As visualized from the Auto ML module with the Bank Marketing dataset, the Python SDK ML pipeline run also outputted the “Voting Ensemble” as the best model with a 92% accuracy as well.

Publish the Pipeline

Once created, the published pipeline will show an Active status and a rest endpoint. To view >> Pipeline >> Click the pipeline Run ID. As can be visualized from the below image, our published pipeline overview shows an active status and a REST endpoint.

We can also re-run the ML pipeline in the Python SDK and show run using the “RunDetails Widget” as follows.

To view the pipeline re-run on the Azure Studio, navigate to the Endpoints >> Click on the newly created Pipeline >> Pipeline endpoints. This will show a running status as follows.

Screen Recording

For a demonstration of the capabilities of Azure ML Studio for the development of End-to-End ML production model, click the provided link to a screencast recording of the project.
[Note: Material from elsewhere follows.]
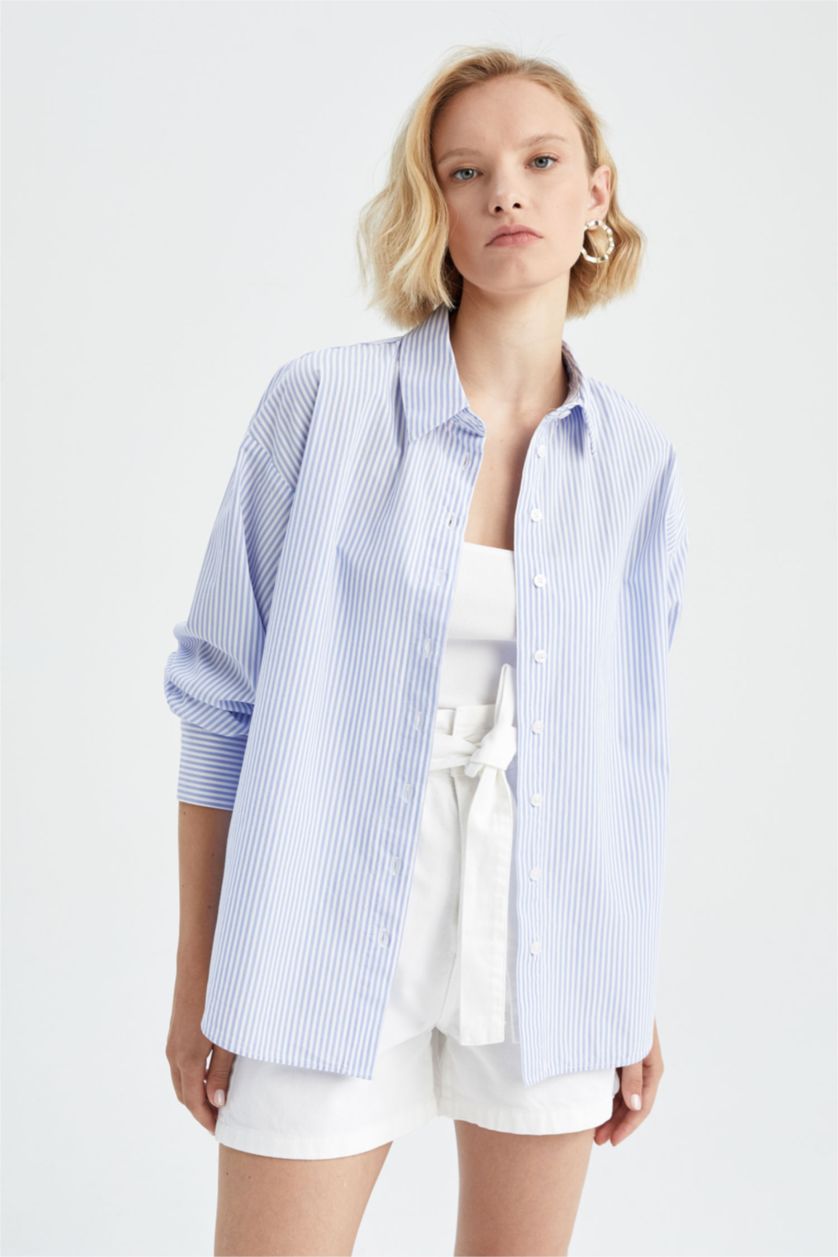 FEMME Bleu Chemises à manches longues Popeline Col De Chemise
Azure ML Studio: Operationalizing Machine Learning

Standout Suggestions

There are two standout modifications made:

• First: We replicated the default profiler in Azure ML studio, which generates profiles of registered dataset, by exploring the Pandas profiling functionality. Provided below is a view of the correlation table generated between all variables in the dataset.
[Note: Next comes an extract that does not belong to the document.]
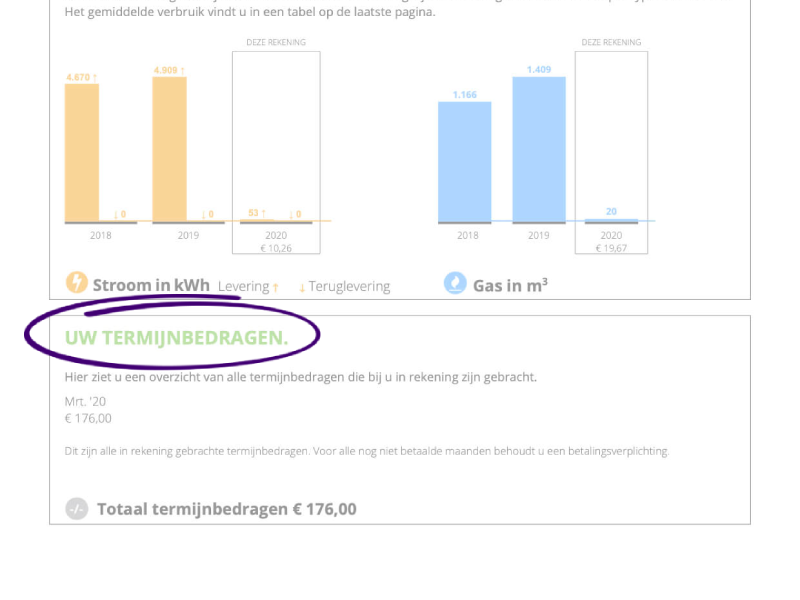 Tweede pagina van een eindrekening met een overzicht van betaalde termijnbedragen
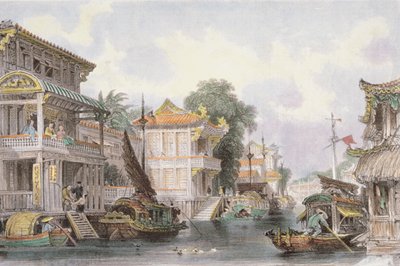 Jelenet a Horan-csatornán Kanton közelében, 1850 körül alkotó: Thomas Allom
• In order to explore the importance of features that contributed to the success of the best prediction model within the Azure ML Python SDK, the model expandability     
parameter was set to True in the AUTOML configuration settings. Even though this was not successful, here we show a view of the top four features that contributed to the     best model performance.

Future work

The following are the performance improvement strategies that can be explored to increase performance. They are:

  • Having noted the top-most performing models, we can focus on creating a Hyperdrive run for tunning the hyper-parameters of the top-best models using a Grid search or
    random search strategy.

  • A better metric such as AUC metric or the F1 metric can be used to evaluate performance because they are insensitive to class imbalance.

  • Class balancing techniques such as up-sampling the smaller class, ‘no’, or down-sampling the larger class, ‘yes’; these methods can help to prevent overfitting.

  • For the Azure Python SDK AutoML run, the cross-validation hyperparameter can be experimented to find the best cross-validation fold for the given data.